### Saved data entries
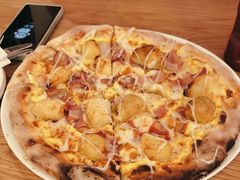 -城市大道红炉披萨烘焙坊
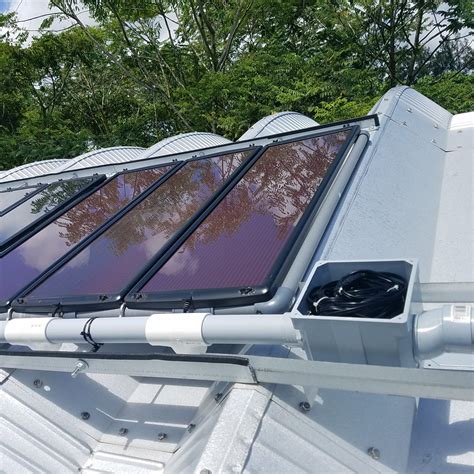 Hawaiian Quonset Huts Powered by Solar Energy | Quonset hut, Solar, Solar energy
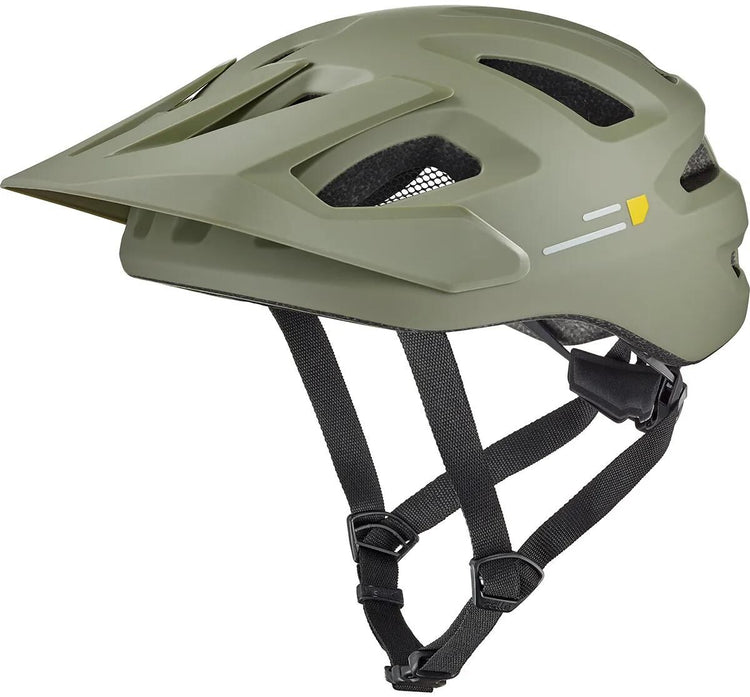 Bollé Casque Adapt Pure Taille L Khaki Matte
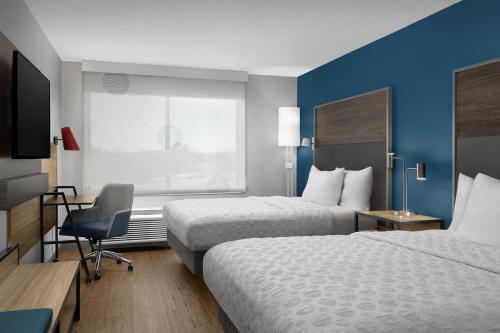 Tru by Hilton Stockbridge Eagles Landing - image 6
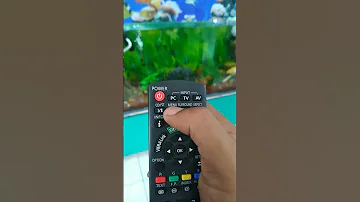 Panasonic Tv Software Update You Have To Connect Your Tv With Internet Panasonic Smartgadgets 
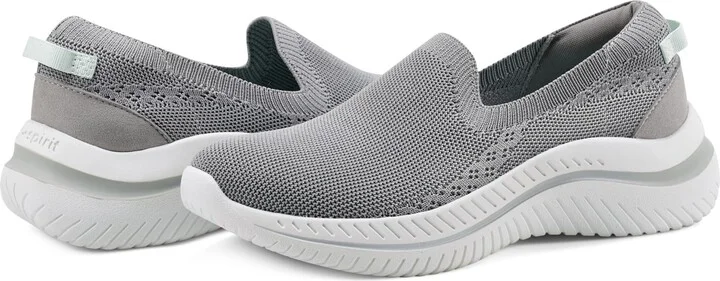 Golda Knit Sneaker - Image 7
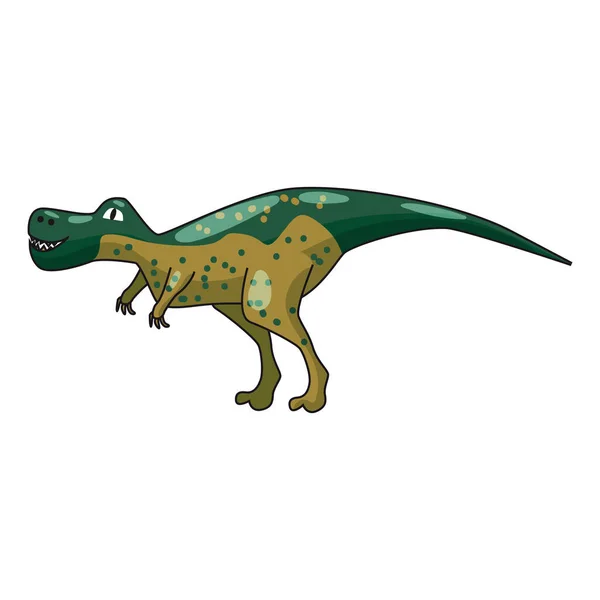 Jogo Engraçado Dos Desenhos Animados Do Dinossauro Ilustração Stock -  Ilustração de paleontologia, triceratops: 27220544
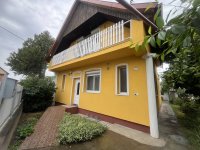 Eladó családi ház, Karcagon, Hortobágyi utcában 77 M Ft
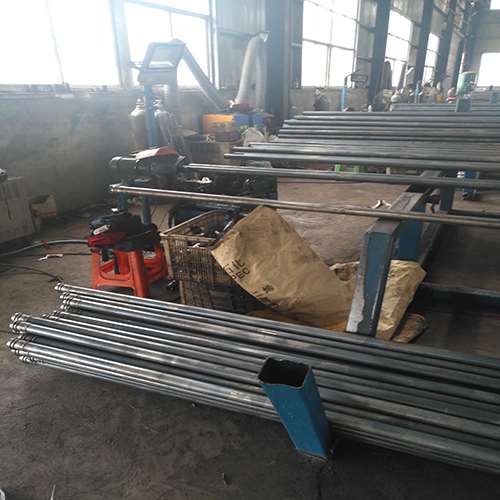 广阳桥梁桩基声测管的施工工艺流程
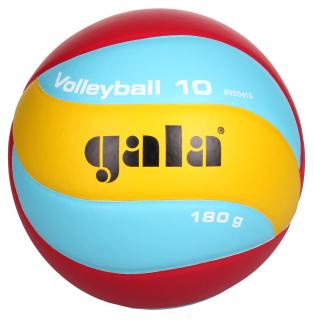 BV5541S Volleyball 10                                                  volejbalová lopta 180g veľkosť lopty: č. 5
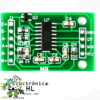 AMPLIFICADOR DE CELDA DE CARGA HX711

### Aim of the exercise
Output every record above word for word, omitting any pictures they contain.

### Problem solution
 -城市大道红炉披萨烘焙坊
 Hawaiian Quonset Huts Powered by Solar Energy | Quonset hut, Solar, Solar energy
 Bollé Casque Adapt Pure Taille L Khaki Matte
 Tru by Hilton Stockbridge Eagles Landing - image 6
 Panasonic Tv Software Update You Have To Connect Your Tv With Internet Panasonic Smartgadgets 
 Golda Knit Sneaker - Image 7
 Jogo Engraçado Dos Desenhos Animados Do Dinossauro Ilustração Stock -  Ilustração de paleontologia, triceratops: 27220544
 Eladó családi ház, Karcagon, Hortobágyi utcában 77 M Ft
 广阳桥梁桩基声测管的施工工艺流程
 BV5541S Volleyball 10                                                  volejbalová lopta 180g veľkosť lopty: č. 5
 AMPLIFICADOR DE CELDA DE CARGA HX711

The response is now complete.